[Start of section]

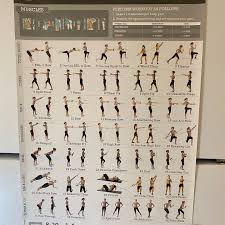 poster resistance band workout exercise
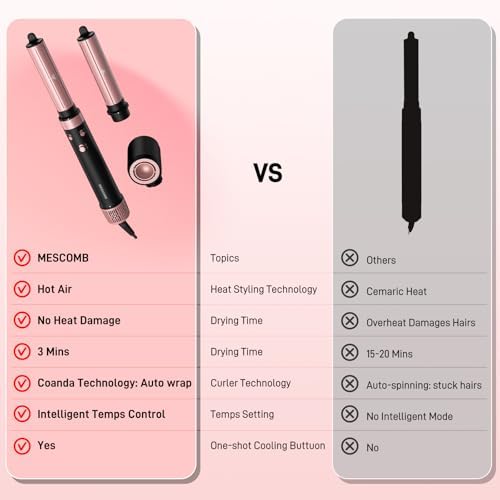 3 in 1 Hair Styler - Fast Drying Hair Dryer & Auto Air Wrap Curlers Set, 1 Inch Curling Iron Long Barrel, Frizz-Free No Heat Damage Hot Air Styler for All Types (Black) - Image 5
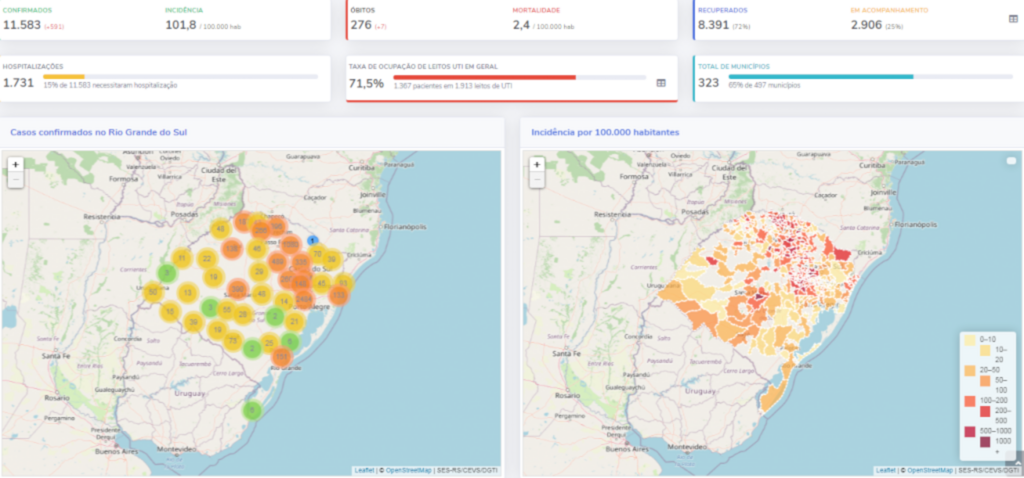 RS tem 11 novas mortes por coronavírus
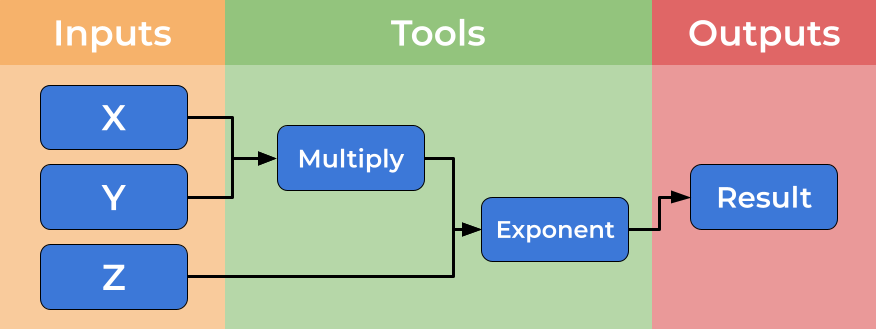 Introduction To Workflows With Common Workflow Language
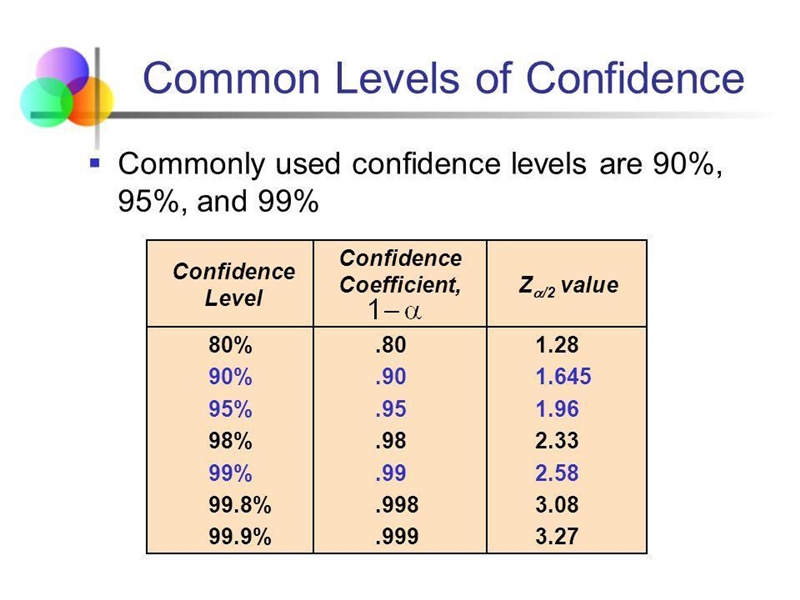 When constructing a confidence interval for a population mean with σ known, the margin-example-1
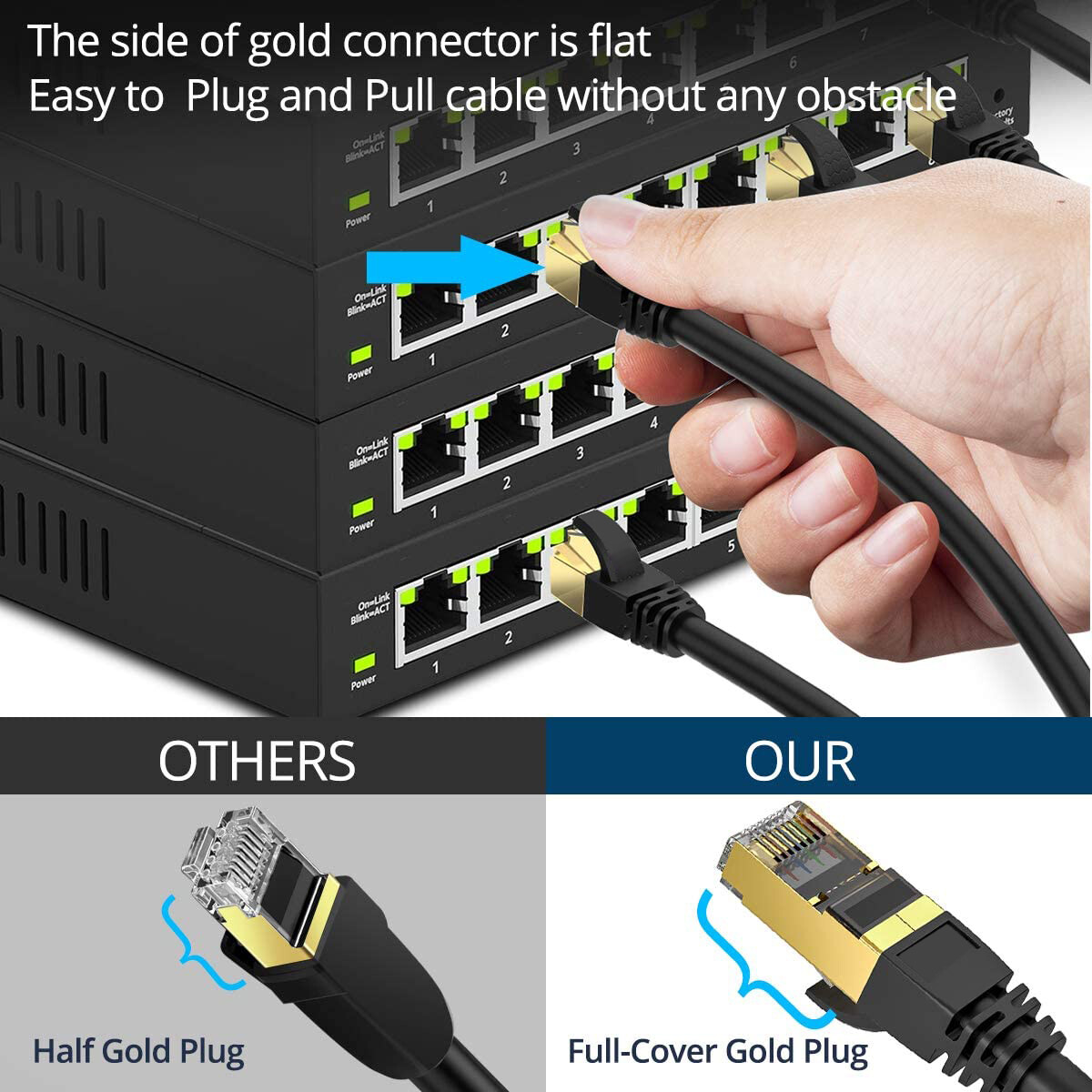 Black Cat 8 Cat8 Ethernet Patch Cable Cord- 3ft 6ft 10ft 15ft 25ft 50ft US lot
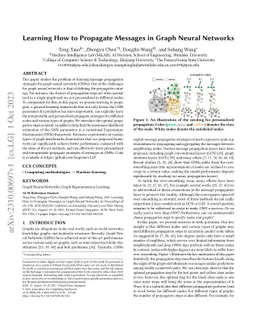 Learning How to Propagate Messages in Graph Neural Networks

[End of section]

• WHAT IS EXPECTED
Give again, word for word, the lines above from the first one through the one containing "Black Cat 8"; no pictures.

• TASK SOLUTION
 poster resistance band workout exercise
 3 in 1 Hair Styler - Fast Drying Hair Dryer & Auto Air Wrap Curlers Set, 1 Inch Curling Iron Long Barrel, Frizz-Free No Heat Damage Hot Air Styler for All Types (Black) - Image 5
 RS tem 11 novas mortes por coronavírus
 Introduction To Workflows With Common Workflow Language
 When constructing a confidence interval for a population mean with σ known, the margin-example-1
 Black Cat 8 Cat8 Ethernet Patch Cable Cord- 3ft 6ft 10ft 15ft 25ft 50ft US lot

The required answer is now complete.